Central Banks “Defending their Own Monopoly” with Govt Backed Crypto while Driving Bitcoin’s Demand
- Bitcoin and digital currency purchase soar in China
- Central banks are, in fact, driving the demand for Bitcoin
- With economic growth slowing down and central banks preparing for QE, we’ll come to see if Bitcoin is really a safe haven asset
“Only a central bank is allowed to issue base money,” the chief Asia economist for one major international bank told Nikkei.
So, when money printers go harsh on digital currencies, “They are defending their own monopoly,” he said.
We have seen how People’s Bank of China has been uncertain about digital currencies but at the same time it crackdown hard on cryptocurrency exchanges.
Not just China, the central banks around the world are cautious about crypto asset while parallelly focusing on creating their own government-backed digital currency.
From China, Sweden, Singapore, Canada, the Bahamas, to Iran, Thailand, Uruguay, and India, central banks have advanced their cryptocurrency projects.

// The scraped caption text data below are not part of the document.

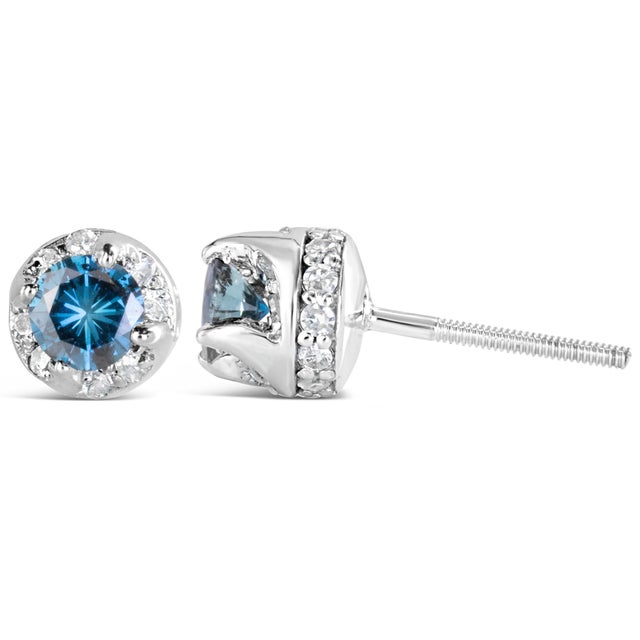 Contemporary 14K White Gold 1.00 Cttw Treated Blue and White Diamond Hidden Halo Stud Earrings (Blue/I-J Color, I2-I3 Clarity) For Sale - Image 3 of 6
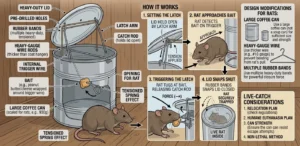 An illustration showing how The Soup Can Mousetrap, Scaled Up for Rats works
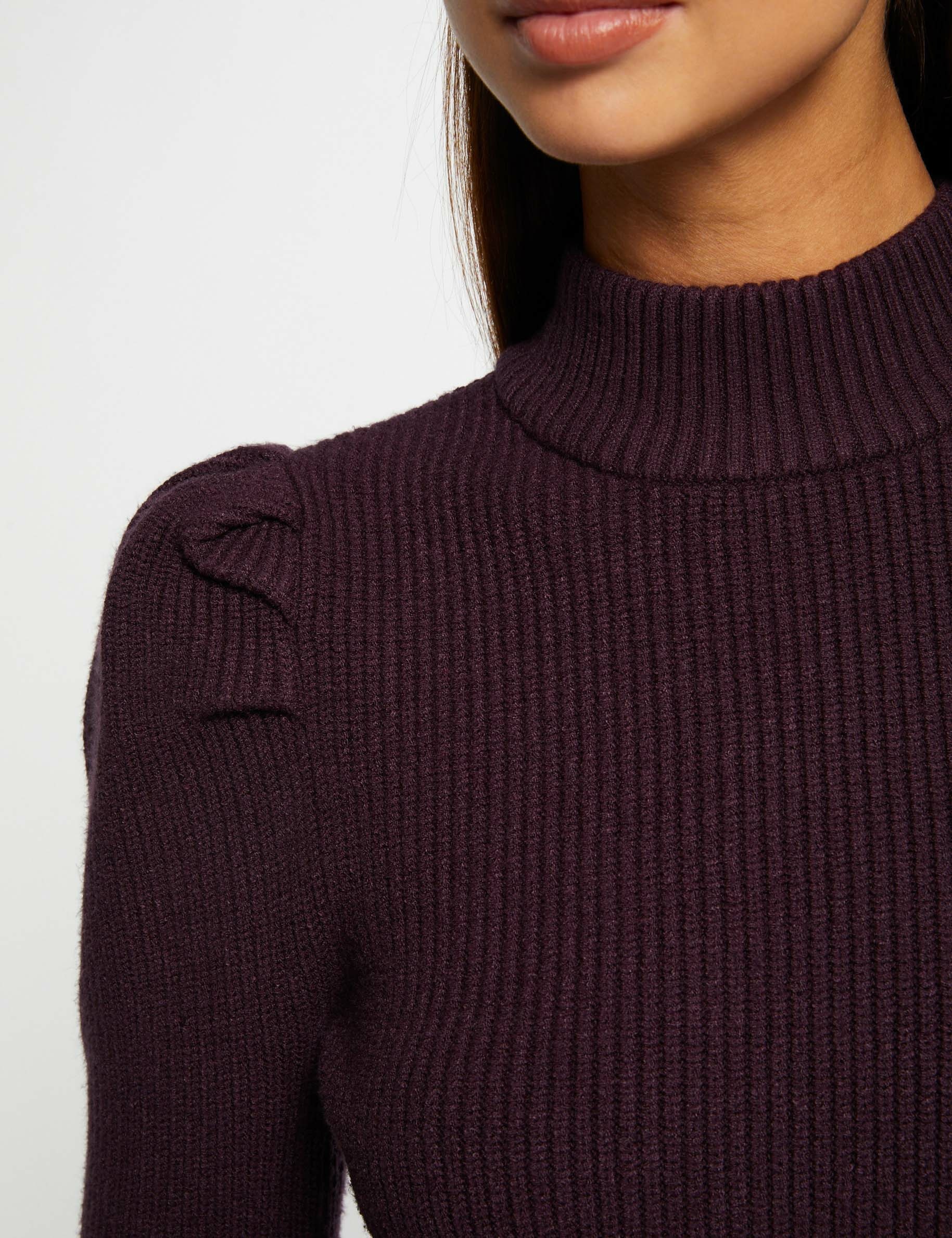 pull manches longues a col montant violet fonce femme Pull manches longues à col montant violet fonce femme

Bitcoin and Digital Currency Purchase soar in China
In the last few months, Nikkei reported the volume of Bitcoin and other cryptocurrency purchases in China has soared, with one expert at the informal Bitcoin association of China saying the increase has been of 50%.
During these times, thousands took part in Hong Kong anti-extradition protest, “fighting for a just and fair society. We also saw Chinese Yuan fell below the important physiological level of 7 against the US Dollar.
Recently, it has been revealed that after five years of research, its central bank-backed digital currency is getting ready for the launch.
Government's commitment and urgency stemmed from the concern about the capital flight as in the first quarter, the errors and omission deficit — that can be largely attributed to capital outflows — increased to about $88 billion.
Now, the country is trying to stop the outflows and cryptocurrency is one of the main channels of such outflows.
“Because of their fear of capital outflows, the Chinese see every financial asset as the enemy,” said one senior official at the Bank of Japan. “But we don't worry about outflows. We are in love with the technology behind it and we are in touch with the technology community.”
Central banks are, in fact, driving the demand for Bitcoin
Earlier this month, we saw Bitcoin rallying when PBoC let its currency fall freely.
Currency devaluation is the tool used by central banks in the name of stimulating growth. They have also taken up to pushing the interest rates into negative. Recently, we also witness a string of central banks shocking the market with the rate cuts.
When the Fed holds an annual meeting in Jackson Hole, Wyoming this week, to be attended by the central bankers, most analysts are expecting even more dovish talks with dovish actions to follow.
This would be the first time Fed Chairman Jerome Powell will speak after the July FOMC meeting, after which he announced the first rate cut in over a decade. However, things didn't go well because the stock market plummeted and the President tweeted his disapproval.
Meanwhile, Bitcoin has emerged as a safe haven asset this year amidst global chaos where negative interest rates, easing monetary policy, trade wars, and geopolitical tensions are shaking the system.